Here’s a look at some of the transportation headlines gathered by the Metro Library. The full list of headlines is posted on the library’s blog.
Mayor’s 30/10 Initiative moves foward (L.A. Times)
Columnist Tim Rutten says that 30/10 is probably Mayor Antonio Villaraigosa’s best proposals to date, as it would jump-start the local job scene by building 30 years of transit projects in the next 10 years. But Rutten notes that 30/10 is innovative and still needs Congressional approval. But what initially appeared to be the longest of long shots, Rutten notes, now has a real chance of becoming reality.
Where are Brown and Whitman on transportation issues? (L.A. Streetsblog)

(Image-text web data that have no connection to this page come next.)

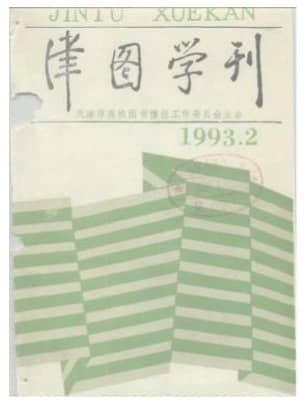 津图学刊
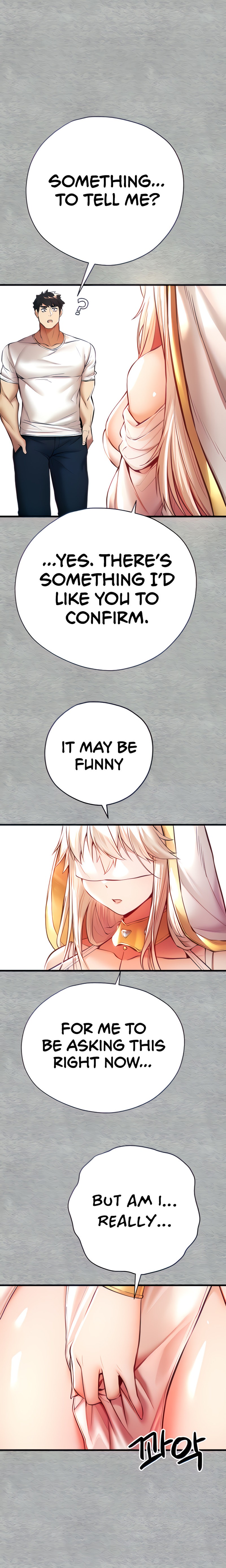I Have To Sleep With A Stranger? chapter 22 page 2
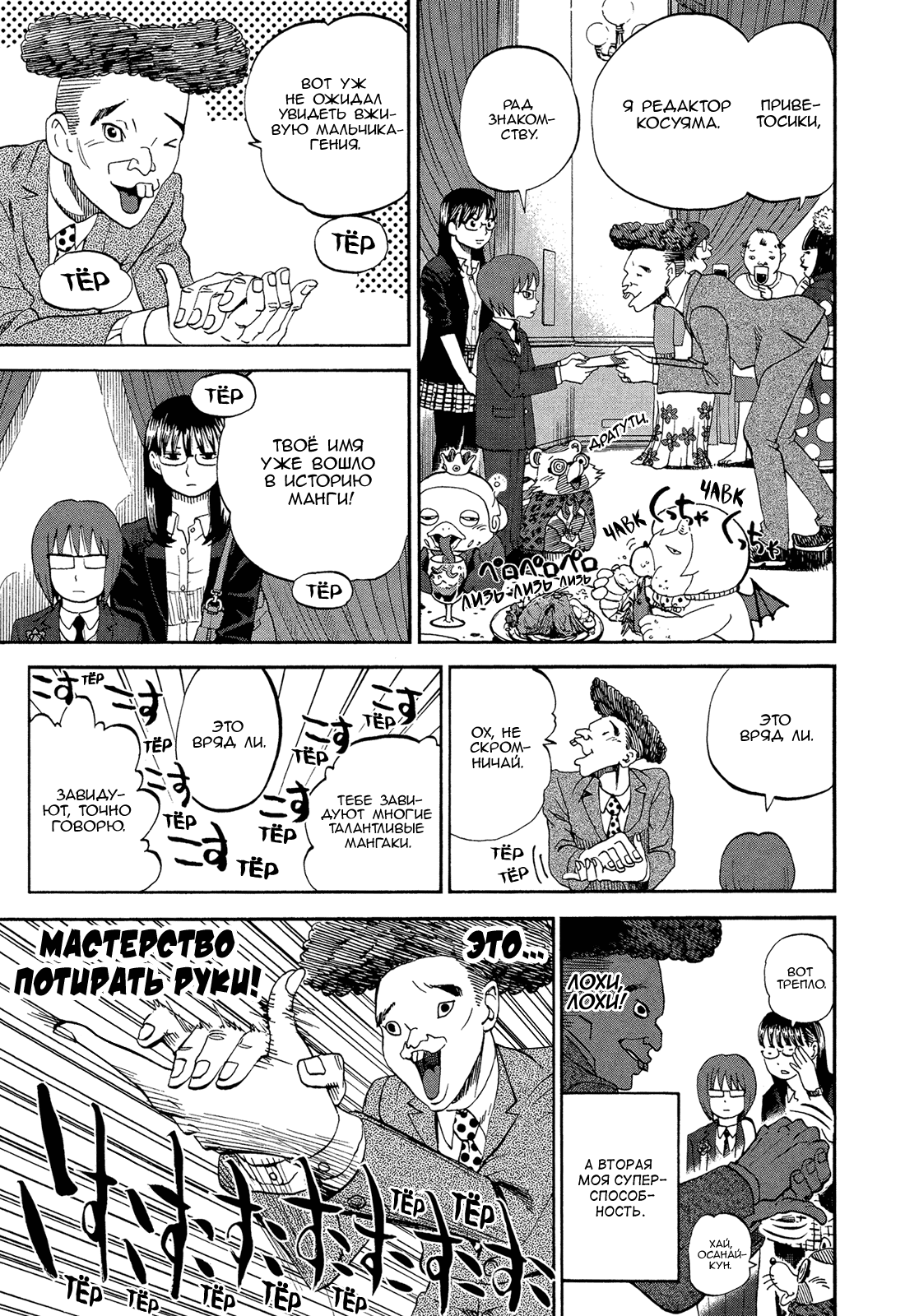 Манга Явись, Азазель! - Глава 57 Страница 15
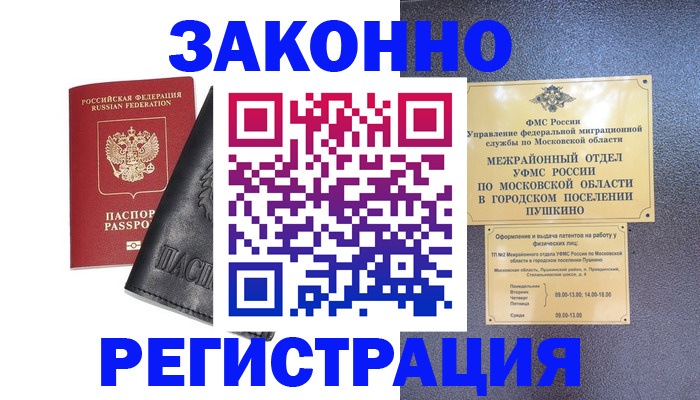 прописка паспорт в Северодвинске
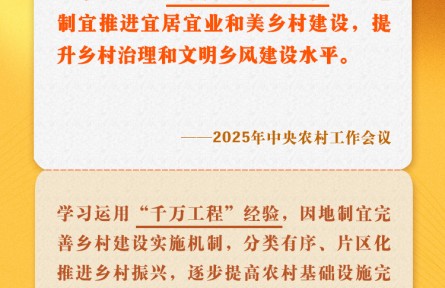 中央農(nóng)村工作會議關(guān)鍵提法之三：“千萬工程”經(jīng)驗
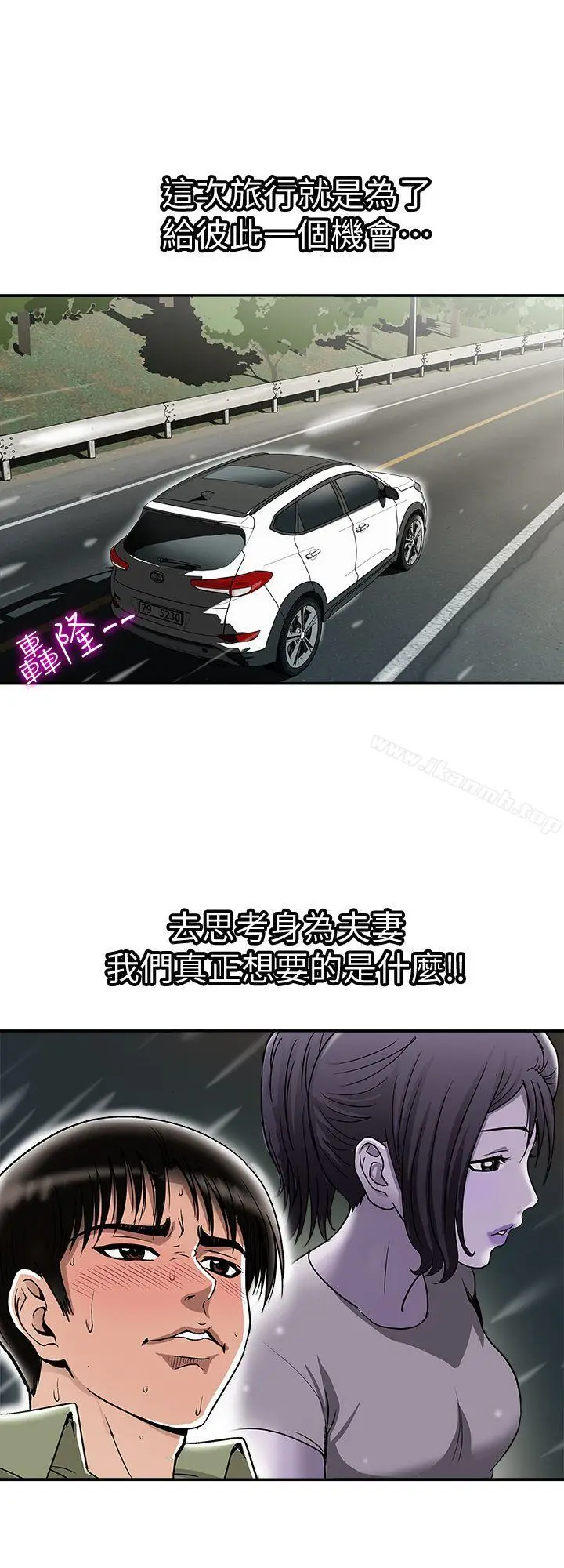 漫画《别人的老婆》第29话第18张图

Damien Newton takes a look at where the candidates for governor stand on transportation and finds that neither has said much. Newton does not that as attorney general, Brown defended the proposed Transbay Terminal for the state’s proposed high-speed rail project. One key difference has emerged: Brown approves of the state’s climate change legislation to reduce greenhouse gas emissions and has opposed efforts to delay it and Whitman has said that she wants to delay implementation.
More scooters on road could mean more deadly accidents (Chicago Tribune)
Sales of scooters are booming thanks to new, cheaper models from China and Taiwan — some of which are priced for less than $1,000
— far less than more expensive and better-known brands such as Vespa. In Illinois, the number of scooters on the road has about quadrupled in the past four years and traffic safety experts fear that less experienced riders could be headed for trouble. Traffic accident data, however, has not yet shown that to be a problem.
LaHood reaffirms new policy helping cyclists and pedestrians (Welcome to the Fast Lane blog)
U.S. Transportation Secretary Ray LaHood says the U.S. Department of Transportation needs to also help cyclists and pedestrians get around, thus the recent policy change saying cycling and pedestrian facilities should be included in new federal projects. And he points out that the cost of improving more than 2,000 miles of a bike lane that runs across the East Coast is the same as building a single freeway bridge over a river.